Dans quelques endroits, on élève un double mur autour du cône à deux ou trois pieds de distance, & l’entre-deux de ces murs est rempli d’argile fortement corroyée. Le même lit d’argile & le même mur extérieur règnent également sur le cône supérieur ; c’est doubler la dépense. Il vaut beaucoup mieux recouvrir le cône supérieur & les côtés simplement avec douze ou dix-huit pouces d’argile & jeter par-dessus un à deux pieds de terre ordinaire. Si on n’a pas de l’argile à sa disposition, il faut nécessairement enduire les murs de côté & ceux de la voûte avec un fort ciment, (voyez le mot Mortier) & recouvrir le tout avec beaucoup de terre ; on ne sauroit trop en mettre. Afin que les pluies ne dégradent pas cette terre, on aura soin d’y semer de la graine de foin & la fraîcheur de la glacière maintiendra sa verdure pendant Pété, même dans les provinces méridionales.

En Italie, pour placer les glacières, on choisit les croupes des montagnes escarpées : on y creuse un cône, ainsi qu’il a été dit, & la toiture est formée avec de la paille d’orge.

Si on craint les inondations, la stagnation des eaux, (ce qui dépend du local) il faut bien se garder d’enfoncer le cône en terre, & à plus forte raison le puits d’écoulement ; il faut tout au contraire élever le puits & le cône inférieur au-dessus du sol. La plus grande dépense consistera dans le transport de terre pour recouvrir le tout.

Il est rare que la glace ne fonde pas la première fois qu’on remplira la glacière, à moins que la maçonnerie n’ait eu le temps de sécher avant l’approvisionnement de la glace ; ce qui dépend beaucoup de la qualité de la chaux : mais si on employé la chaux réduite en mortier du moment qu’elle est éteinte & qu’elle a encore toute sa chaleur, elle cristallisera beaucoup plus promptement.

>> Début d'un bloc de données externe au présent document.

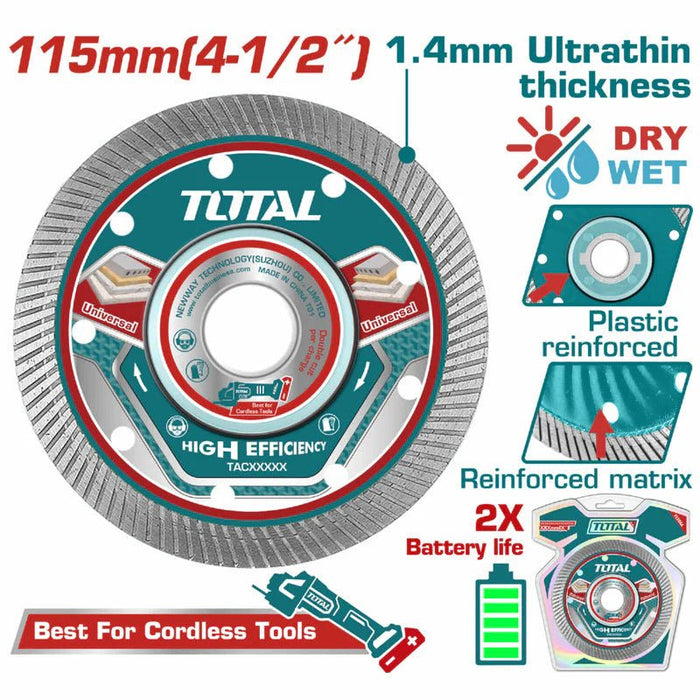 Total Disque Diamant Beton 115 Mm Ultra Fin Haute Efficacité TAC2151151 - TOTAL TOOLS TUNISIA Site officiel | Station d'outils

  1. Note du Rédacteur. Je n’aime point ces économies mesquines : un père de famille doit construire avec la plus grande solidité, ou ne point construire du tout. Une poutre du toit pourrit ; on néglige de la remplacer, parce qu’il faudroit enlever la terre, refaire toute la toiture en paille, &c. &c. De jour à autre, la glacière se dégrade, & une destruction totale est la suite ou de la négligence, ou de la crainte de la dépense. Le cône inférieur, comme le cône supérieur, doivent être en pierre, & au défaut de pierre, à cause de sa rareté ou de sa cherté, en briques très-cuites, & revêtues d’une couche de bon mortier, bien lissé, &, s’il se peut, mêlé avec la pouzzolane.